Merrilee Gladkosky
Art and Enrichment Teacher
Cheshire Elementary School
Cheshire, Connecticut

from Regional Review

Friendship Dolls Coming to Chester

Last year, as I began to prepare for our art show to be held during High on Life week in May, I came across a wonderful set of coincidences: HIna Matsuri, Girls' Day or Dolls' Day, is celebrated in Japan on March 3rd of each year, and Children's Day or Boys' Day is celebrated on May 5th. Our art show was scheduled for May 5, 1999, and my personal hobby and art form is doll making. The serendipity was too much to ignore and so the faculty brought in their favorite dolls and we learned about the cultural significance of Hina Matsuri. Children brought in dolls of their own and we celebrated Hina Matsuri at Chester Elementary School for the very first time. It was the beginning of our all school journey to Japan to culminate in the art show. It was the perfect combination for art and enrichment and provided many opportunities for students to become involved in projects that reflected their individual interests and talents.

Central to the theme was an exchange of dolls which took place between Japan and the United States in 1927. It was begun by Dr. Sidney Gulick, a missionary, who thought that children getting to know other children through their toys and messages was the best hope for world peace in the future. This exchange took place prior to World War II when the relationship between the U.S. and Japan was strained. Children of the United States sent blue-eyed "momma dolls" to Japan along with letters of hope. In return, school children in Japan donated small sums and sent Friendship Dolls to each of the states complete with clothing and other accessories.  

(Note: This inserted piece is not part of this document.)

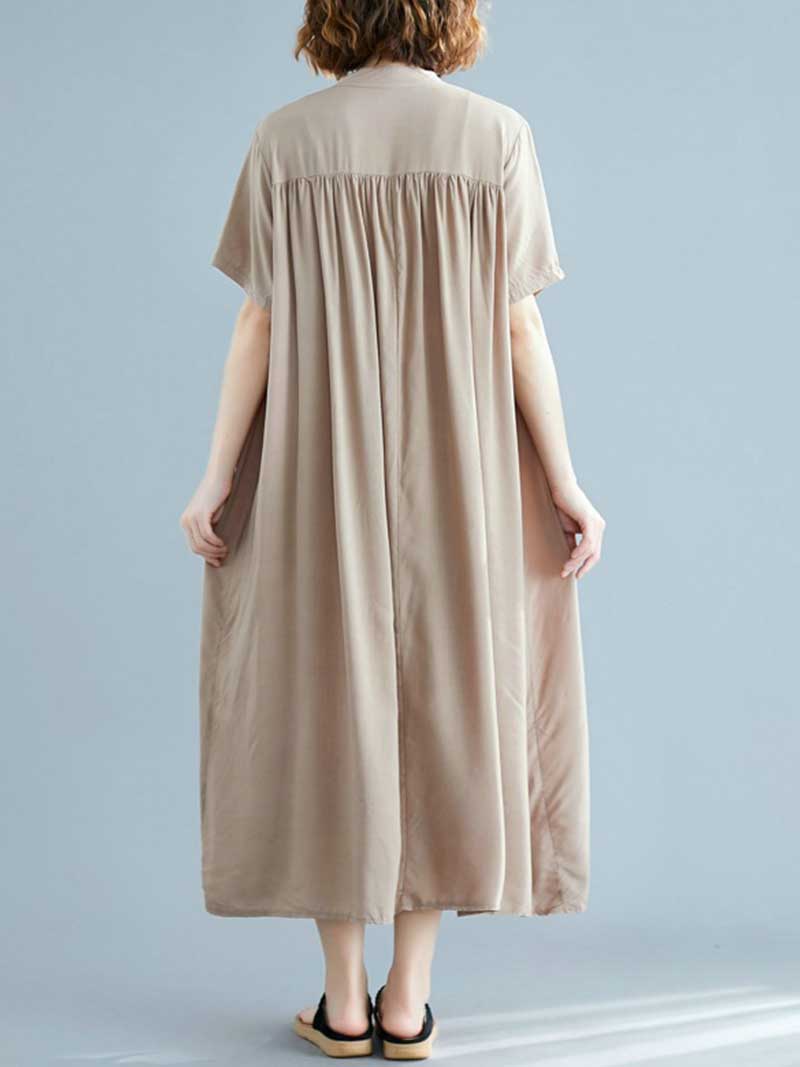 Button Front Short Sleeve Loose Cotton Shirt Maxi Dress 11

We learned that Connecticut was sent two such dolls. One, Miss Chosen (Miss Korea), spent time in Korea before she traveled to the United States. She is in storage at the Science Museum at West Hartford waiting to become the focus of a fund raising project to be returned to her makers in Japan for restoration. The other, a doll given to the Ranette Museum in Stamford, remains missing.

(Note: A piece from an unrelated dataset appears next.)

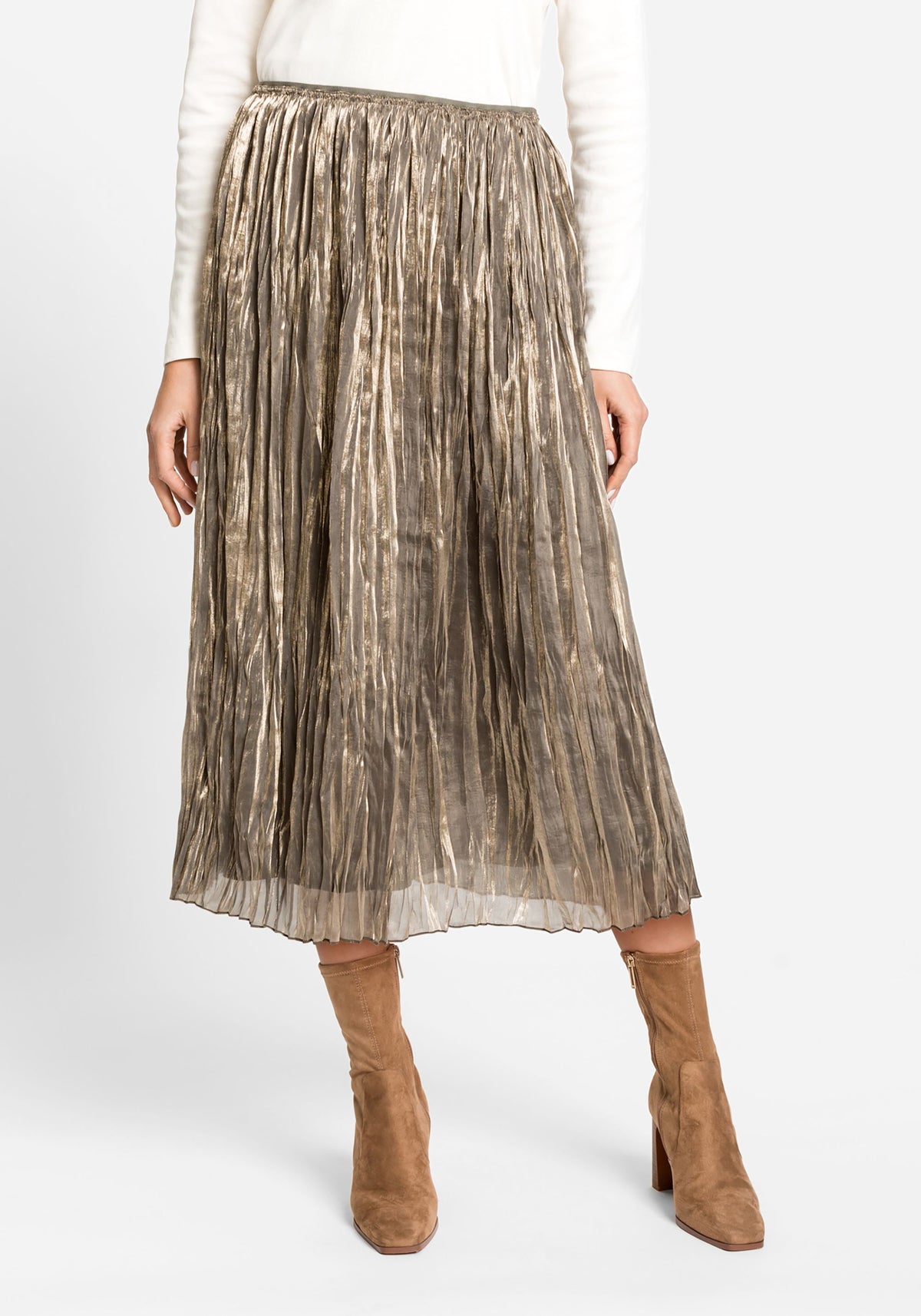 Shimmer Crinkle Pleated Midi Skirt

Students in Chester learned about Japan by practicing many of their arts and crafts including calligraphy, Sumi-e, fish printing, making miniature gardens and Zen gardens and more. Sixth grade students formed a traveling storytelling troupe in the tradition of the Japanese storytellers. The whole school created kimonos from hospital gowns donated by Middlesex Hospital. We learned games, some language, and in general did an exploration level learning experience centered around the theme of Japan.

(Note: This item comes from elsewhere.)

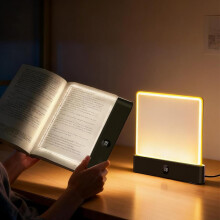 Lampe de lecture plate rechargeable à panneau LED, 3 couleurs, intensité variable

Meanwhile, little did we know that an interested party, Vicky DeAngelis of Japanese American Doll Enthusiasts, kept an eye on our progress via e-mail to me. This past October we were pleased and deeply honored to be chosen as recipients of some of a new generation of Friendship Dolls sponsored by the Mukogawa Fort Wright Institute and Japanese Cultural Center of Spokane, Washington. As I write this article, we are waiting the arrival of our package, a renewing symbol of our commitment to learn more about other cultures, particularly through the arts. We will continue to learn more about Japan and interact with the culture on deepening levels with our ambassador dolls.

In this instance and in so many others, the arts are a key to unlocking opportunities for learning. The arts are central and they are basic to every child's education and to imagine life without the arts is drab, if not impossible. They are the highest level of expression of a culture and among the most valued objects and experiences of our lives.